Heh, I was thinking about something like this.  Now it just remains to be seen how long before THIS has to get edited for Thread Length.


----------



## Piratecat (Feb 17, 2004)

On the plus side, we _did_ go and buy a lot of half-price candy on the 15th....

Anyways, I have no tape for the next game, which in some ways is a shame. It's going to be all memory. But I bet everyone will be thrilled for the return of their favorite uber-lawful demigoddess.


----------



## thatdarncat (Feb 17, 2004)

Wolfspirit said:
			
		

> Heh, I was thinking about something like this.  Now it just remains to be seen how long before THIS has to get edited for Thread Length.
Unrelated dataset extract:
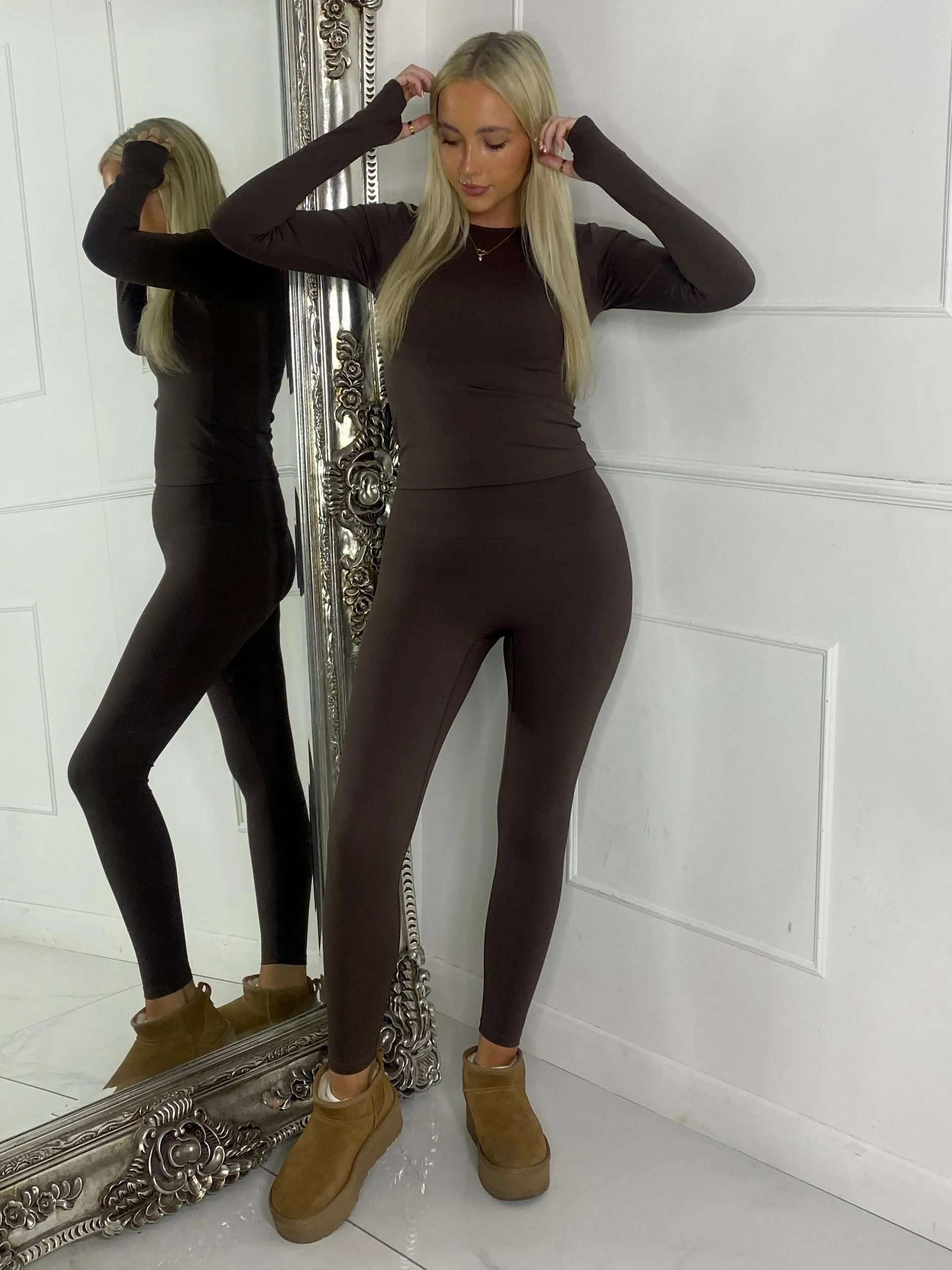 Long Sleeve Gym Top & Sculpt Leggings Set - Chocolate Brown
Meh then we just start another one.


----------



## Pyske (Feb 17, 2004)

Re. DOD:  I'm looking forward to learning more about Soder.  It's "quirks" fascinate me.
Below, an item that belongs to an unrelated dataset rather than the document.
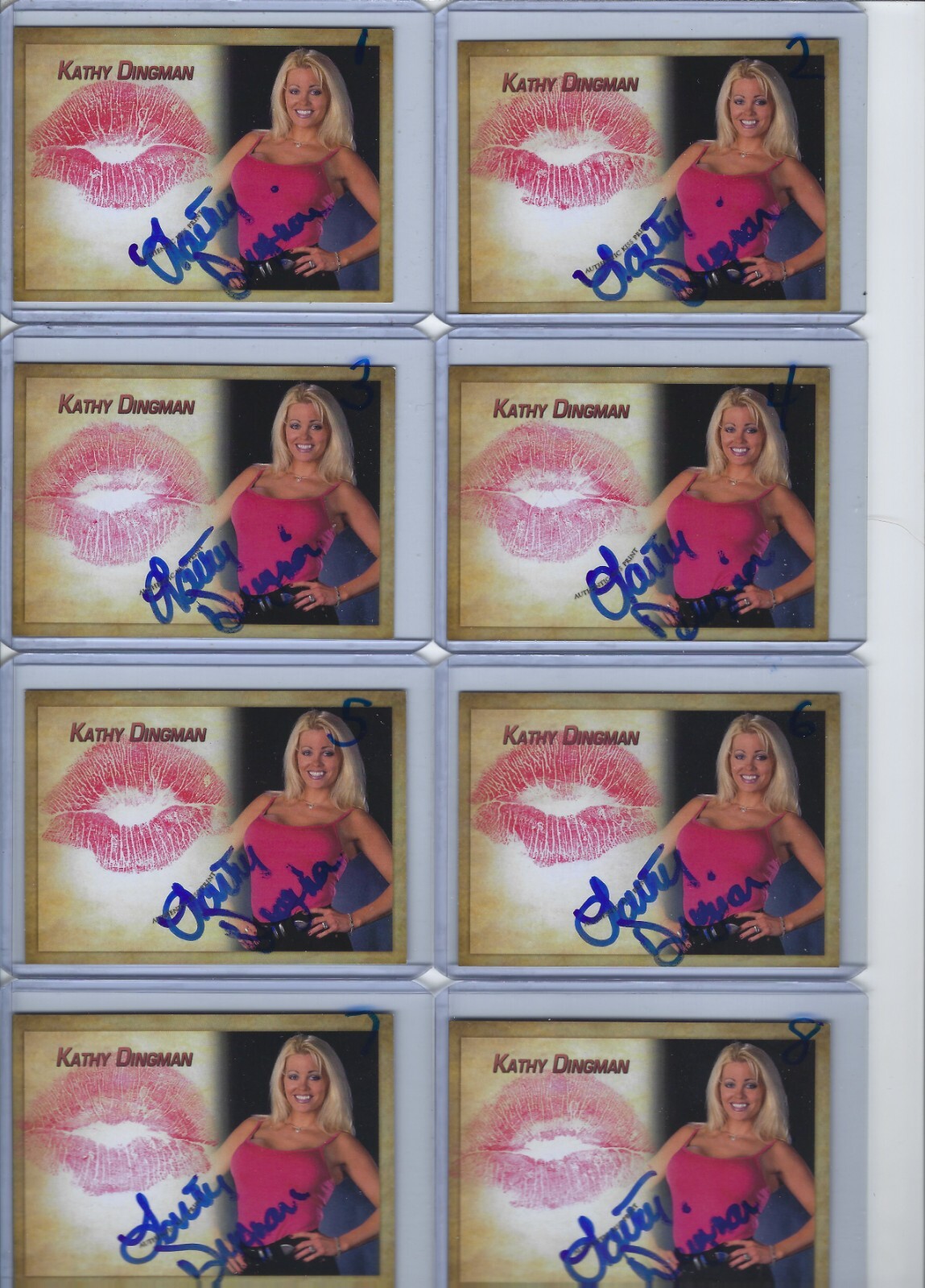 Kathy Dingman Actress Model Signed & Kissed Trading Card #7 Collectors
Re. Valentines:  You know a holiday is over-commercialized when it spawns sub-races. (i.e. "Sweetest Day")  

 . . . . . . . -- Eric


----------



## Pielorinho (Feb 17, 2004)

D'oh!  Sorry for cluttering up the story thread, Piratecat; I didn't realize it was a pain to delete posts (although I shoulda).

Anyway, to each their own on Valentine's Day.  I kinda enjoy it, but then I'm a sucker for feast days.

Daniel


----------



## Piratecat (Feb 17, 2004)

No problem, Daniel; I'll delete your altered wedding photo!  Hee hee, I crack myself up.  Hey, while I have you, swing by the Gamers Seeking Gamers forum; someone posted there from Asheville, and maybe you know someone who is looking for a player.

Meanwhile:  In the next update, you'll find out that Nacreous is secretly populated by modrons!


----------



## Pielorinho (Feb 17, 2004)

Oh yes -- I forgot to mention that that picture is gonna give me nightmares.  Could I persuade you to leave it up until I get a chance to show it to my blushing bride?  It might convince her to shave that beard off. 

Daniel


----------



## Piratecat (Feb 17, 2004)

Glad to. I'd hate for those five minutes of photoshopping to go to waste.


----------



## KidCthulhu (Feb 17, 2004)

Pielorinho said:
			
		

> Anyway, to each their own on Valentine's Day.  I kinda enjoy it, but then I'm a sucker for feast days.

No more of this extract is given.